**Action item**
Which lines run from the one containing "Giselle 4PCS Orthopedic" to the last line of the entries? Return them exactly, with nothing more.
※
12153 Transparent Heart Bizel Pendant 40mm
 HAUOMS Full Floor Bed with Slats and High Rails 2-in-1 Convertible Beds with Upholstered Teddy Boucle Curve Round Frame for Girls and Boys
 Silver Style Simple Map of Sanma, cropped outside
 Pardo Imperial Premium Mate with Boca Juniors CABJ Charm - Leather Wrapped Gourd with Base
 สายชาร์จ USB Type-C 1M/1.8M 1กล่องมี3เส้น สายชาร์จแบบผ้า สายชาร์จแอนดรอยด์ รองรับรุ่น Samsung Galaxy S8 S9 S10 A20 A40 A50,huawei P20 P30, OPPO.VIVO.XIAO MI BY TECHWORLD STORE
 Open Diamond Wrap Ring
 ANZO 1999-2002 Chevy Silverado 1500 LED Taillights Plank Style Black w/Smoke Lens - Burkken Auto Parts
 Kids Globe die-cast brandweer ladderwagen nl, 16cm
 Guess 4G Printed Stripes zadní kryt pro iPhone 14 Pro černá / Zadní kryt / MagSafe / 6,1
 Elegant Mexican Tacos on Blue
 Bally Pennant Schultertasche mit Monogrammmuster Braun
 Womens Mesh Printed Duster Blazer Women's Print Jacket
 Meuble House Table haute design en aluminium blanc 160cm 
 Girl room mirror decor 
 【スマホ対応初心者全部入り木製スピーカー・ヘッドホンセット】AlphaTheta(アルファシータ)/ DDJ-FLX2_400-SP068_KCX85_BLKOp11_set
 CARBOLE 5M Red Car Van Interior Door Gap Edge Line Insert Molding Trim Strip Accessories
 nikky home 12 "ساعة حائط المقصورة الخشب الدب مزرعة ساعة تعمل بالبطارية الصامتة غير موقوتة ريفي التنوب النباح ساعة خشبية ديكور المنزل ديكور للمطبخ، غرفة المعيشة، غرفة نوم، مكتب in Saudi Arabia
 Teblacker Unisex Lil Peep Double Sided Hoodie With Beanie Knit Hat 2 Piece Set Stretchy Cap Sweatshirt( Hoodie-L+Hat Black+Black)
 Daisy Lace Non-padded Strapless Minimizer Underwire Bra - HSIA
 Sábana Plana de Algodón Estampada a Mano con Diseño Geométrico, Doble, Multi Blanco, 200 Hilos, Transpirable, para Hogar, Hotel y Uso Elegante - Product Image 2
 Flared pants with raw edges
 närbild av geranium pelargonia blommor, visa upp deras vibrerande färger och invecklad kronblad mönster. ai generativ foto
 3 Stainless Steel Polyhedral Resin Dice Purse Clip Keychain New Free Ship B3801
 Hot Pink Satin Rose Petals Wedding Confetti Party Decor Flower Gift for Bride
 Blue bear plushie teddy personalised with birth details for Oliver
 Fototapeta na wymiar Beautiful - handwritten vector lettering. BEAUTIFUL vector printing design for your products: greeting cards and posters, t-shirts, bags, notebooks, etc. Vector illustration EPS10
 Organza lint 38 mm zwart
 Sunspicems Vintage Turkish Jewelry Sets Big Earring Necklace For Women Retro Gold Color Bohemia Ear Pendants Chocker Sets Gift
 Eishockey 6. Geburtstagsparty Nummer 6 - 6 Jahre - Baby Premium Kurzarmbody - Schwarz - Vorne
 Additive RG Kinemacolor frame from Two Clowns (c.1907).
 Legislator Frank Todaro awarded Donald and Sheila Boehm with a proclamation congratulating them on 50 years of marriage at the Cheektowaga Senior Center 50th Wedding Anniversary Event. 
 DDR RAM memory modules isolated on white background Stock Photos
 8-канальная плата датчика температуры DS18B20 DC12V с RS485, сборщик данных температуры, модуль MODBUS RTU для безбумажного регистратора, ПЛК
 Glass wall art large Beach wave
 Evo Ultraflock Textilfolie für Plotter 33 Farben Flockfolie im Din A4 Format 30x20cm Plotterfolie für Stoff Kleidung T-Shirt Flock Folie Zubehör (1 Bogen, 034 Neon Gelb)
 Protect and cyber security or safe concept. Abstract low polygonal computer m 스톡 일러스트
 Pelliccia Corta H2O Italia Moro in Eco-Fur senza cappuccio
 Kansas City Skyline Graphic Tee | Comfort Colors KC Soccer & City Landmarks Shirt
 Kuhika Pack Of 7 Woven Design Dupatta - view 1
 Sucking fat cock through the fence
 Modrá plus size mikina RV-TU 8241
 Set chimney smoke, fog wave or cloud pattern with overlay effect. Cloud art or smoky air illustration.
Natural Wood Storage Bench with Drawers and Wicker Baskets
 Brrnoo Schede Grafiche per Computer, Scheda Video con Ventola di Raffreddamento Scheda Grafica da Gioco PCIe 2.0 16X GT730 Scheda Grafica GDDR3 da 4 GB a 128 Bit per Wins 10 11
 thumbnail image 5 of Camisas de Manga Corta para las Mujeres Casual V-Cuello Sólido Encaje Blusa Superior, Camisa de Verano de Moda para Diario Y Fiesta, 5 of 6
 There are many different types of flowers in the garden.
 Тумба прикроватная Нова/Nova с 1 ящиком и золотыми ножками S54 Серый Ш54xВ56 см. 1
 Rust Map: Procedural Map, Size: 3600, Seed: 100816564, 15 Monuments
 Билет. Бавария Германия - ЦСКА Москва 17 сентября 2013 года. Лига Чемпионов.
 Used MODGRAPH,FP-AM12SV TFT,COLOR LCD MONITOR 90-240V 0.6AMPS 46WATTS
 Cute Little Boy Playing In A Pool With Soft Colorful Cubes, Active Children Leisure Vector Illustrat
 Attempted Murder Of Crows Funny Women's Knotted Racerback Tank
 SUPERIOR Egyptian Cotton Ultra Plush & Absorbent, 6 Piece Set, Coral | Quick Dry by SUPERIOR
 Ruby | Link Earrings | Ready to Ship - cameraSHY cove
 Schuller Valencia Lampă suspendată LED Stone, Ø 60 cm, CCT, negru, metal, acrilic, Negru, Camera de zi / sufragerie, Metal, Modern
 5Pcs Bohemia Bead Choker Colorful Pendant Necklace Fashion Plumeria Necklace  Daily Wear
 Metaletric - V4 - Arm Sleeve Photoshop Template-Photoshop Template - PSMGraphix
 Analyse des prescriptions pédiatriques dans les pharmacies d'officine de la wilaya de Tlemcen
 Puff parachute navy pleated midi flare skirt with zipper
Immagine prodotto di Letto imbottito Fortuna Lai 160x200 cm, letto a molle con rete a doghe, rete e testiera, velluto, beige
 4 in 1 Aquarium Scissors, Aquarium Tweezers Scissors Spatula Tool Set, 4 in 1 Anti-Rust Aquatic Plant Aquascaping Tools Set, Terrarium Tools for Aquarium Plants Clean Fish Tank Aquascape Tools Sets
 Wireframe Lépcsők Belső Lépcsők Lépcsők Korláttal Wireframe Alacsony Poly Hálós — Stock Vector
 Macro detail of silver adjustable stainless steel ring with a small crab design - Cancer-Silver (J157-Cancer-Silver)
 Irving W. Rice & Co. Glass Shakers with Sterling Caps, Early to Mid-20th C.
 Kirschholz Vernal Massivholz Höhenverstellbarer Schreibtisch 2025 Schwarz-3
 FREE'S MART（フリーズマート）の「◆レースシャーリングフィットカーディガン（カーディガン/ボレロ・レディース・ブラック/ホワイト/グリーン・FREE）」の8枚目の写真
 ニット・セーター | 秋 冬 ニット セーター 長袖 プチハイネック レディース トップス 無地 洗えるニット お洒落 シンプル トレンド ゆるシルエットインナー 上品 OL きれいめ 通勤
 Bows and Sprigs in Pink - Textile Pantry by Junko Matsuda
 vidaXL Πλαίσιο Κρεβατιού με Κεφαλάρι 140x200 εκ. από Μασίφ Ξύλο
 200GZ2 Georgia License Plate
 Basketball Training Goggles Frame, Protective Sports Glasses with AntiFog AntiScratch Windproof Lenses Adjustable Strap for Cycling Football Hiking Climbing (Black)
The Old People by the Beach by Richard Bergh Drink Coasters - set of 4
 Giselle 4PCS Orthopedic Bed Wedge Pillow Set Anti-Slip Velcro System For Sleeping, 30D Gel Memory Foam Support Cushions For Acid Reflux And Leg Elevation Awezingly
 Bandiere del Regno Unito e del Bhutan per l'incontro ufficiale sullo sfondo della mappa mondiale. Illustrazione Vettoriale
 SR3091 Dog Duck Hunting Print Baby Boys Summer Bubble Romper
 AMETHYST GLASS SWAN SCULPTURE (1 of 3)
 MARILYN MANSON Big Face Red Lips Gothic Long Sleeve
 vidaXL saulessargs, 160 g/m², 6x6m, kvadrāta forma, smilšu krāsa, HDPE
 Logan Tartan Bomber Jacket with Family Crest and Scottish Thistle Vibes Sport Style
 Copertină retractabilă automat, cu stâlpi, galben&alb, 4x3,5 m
※
**Exercise result**
 Giselle 4PCS Orthopedic Bed Wedge Pillow Set Anti-Slip Velcro System For Sleeping, 30D Gel Memory Foam Support Cushions For Acid Reflux And Leg Elevation Awezingly
 Bandiere del Regno Unito e del Bhutan per l'incontro ufficiale sullo sfondo della mappa mondiale. Illustrazione Vettoriale
 SR3091 Dog Duck Hunting Print Baby Boys Summer Bubble Romper
 AMETHYST GLASS SWAN SCULPTURE (1 of 3)
 MARILYN MANSON Big Face Red Lips Gothic Long Sleeve
 vidaXL saulessargs, 160 g/m², 6x6m, kvadrāta forma, smilšu krāsa, HDPE
 Logan Tartan Bomber Jacket with Family Crest and Scottish Thistle Vibes Sport Style
 Copertină retractabilă automat, cu stâlpi, galben&alb, 4x3,5 m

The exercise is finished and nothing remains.